You might find it interesting to know that there ARE two definitions of "mod." Specifically, computer scientists and mathematicians debate over this all the time.

Would you find it odd to realize that the two "different" implementations in Lua are actually the two disputed definitions?

> = -4 % 3
2
> =math.fmod(-4,3)
-1

Both of these are correct, depending on your definition.

-4 % 3 == 2: Formally written as "-4 (mod 3) == 2"

Repeatedly add 3 until you come to the largest number that is less than 3. You'll get 2.

math.fmod(-4, 3) == -1: Formally written as "-4 modulo 3 == 2"

Divide 4 by 3, you get 1 remainder 1. Negate this because it is negative, you get -1.

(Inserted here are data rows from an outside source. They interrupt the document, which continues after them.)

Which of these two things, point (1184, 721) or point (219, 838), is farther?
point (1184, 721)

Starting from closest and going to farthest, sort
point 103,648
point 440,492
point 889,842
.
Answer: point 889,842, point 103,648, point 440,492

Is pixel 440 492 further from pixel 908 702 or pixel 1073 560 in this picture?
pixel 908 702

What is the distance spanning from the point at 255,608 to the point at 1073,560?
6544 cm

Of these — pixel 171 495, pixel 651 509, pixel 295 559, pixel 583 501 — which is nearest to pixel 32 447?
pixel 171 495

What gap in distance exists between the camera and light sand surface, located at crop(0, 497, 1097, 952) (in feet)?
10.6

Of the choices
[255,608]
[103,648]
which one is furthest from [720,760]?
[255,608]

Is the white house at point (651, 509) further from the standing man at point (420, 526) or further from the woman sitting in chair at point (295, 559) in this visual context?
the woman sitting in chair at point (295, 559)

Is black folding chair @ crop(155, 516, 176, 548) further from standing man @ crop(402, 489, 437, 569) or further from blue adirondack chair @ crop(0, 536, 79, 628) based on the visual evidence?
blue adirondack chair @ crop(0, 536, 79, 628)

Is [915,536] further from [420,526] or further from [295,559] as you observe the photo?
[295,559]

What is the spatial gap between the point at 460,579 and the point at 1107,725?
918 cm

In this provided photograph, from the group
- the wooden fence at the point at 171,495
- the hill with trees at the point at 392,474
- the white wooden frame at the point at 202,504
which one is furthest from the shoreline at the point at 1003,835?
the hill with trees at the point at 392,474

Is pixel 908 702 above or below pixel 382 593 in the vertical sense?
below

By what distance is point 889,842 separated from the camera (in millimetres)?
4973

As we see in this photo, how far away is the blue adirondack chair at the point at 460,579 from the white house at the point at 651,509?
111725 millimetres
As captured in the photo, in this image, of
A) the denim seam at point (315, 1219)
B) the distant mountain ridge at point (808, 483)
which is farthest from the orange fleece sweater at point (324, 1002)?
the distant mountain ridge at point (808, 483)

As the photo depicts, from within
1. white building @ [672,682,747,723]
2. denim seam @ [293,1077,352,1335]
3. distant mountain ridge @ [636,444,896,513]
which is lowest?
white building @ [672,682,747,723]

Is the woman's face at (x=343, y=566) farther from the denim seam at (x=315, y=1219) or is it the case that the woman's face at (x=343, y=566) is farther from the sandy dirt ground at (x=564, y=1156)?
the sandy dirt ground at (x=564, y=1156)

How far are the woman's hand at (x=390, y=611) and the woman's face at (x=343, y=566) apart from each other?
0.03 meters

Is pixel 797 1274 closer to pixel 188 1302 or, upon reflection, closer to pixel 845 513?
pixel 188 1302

Technically there are an infinite number of solutions to "x (mod y) == z" and this is why you can see varying answers. However, it has been argued time and time again that "mod" is NOT the same as %. It is, however, not surprisingly unusual that varying implementations would exist. I wouldn't even be surprised if it was intentional. I personally advocate the fact that Lua has both of these DIFFERENT answers, both of which are correct, so that I can choose the desired value on my own. Granted, it would not be difficult to derive the other, but it is definitely convenient to have.

Some of you will think I'm on crack for saying that there are an infinite number of solutions, and I'm not surprised. Most people are trained into thinking that "5 (mod 2)" means "the remainder when 5 is divided into 2" even though this is incorrect. "9 = 5 (mod 2)" is a true statement. Those of you whom have taken a discrete structures course will agree with me (hopefully).

Should the argument that there are an infinite number of solutions be an excuse to go nuts with it? Well, no. In fact, "mod" is different from "modulus," and most programmers are expecting "modulus" even when using a function like math.fmod.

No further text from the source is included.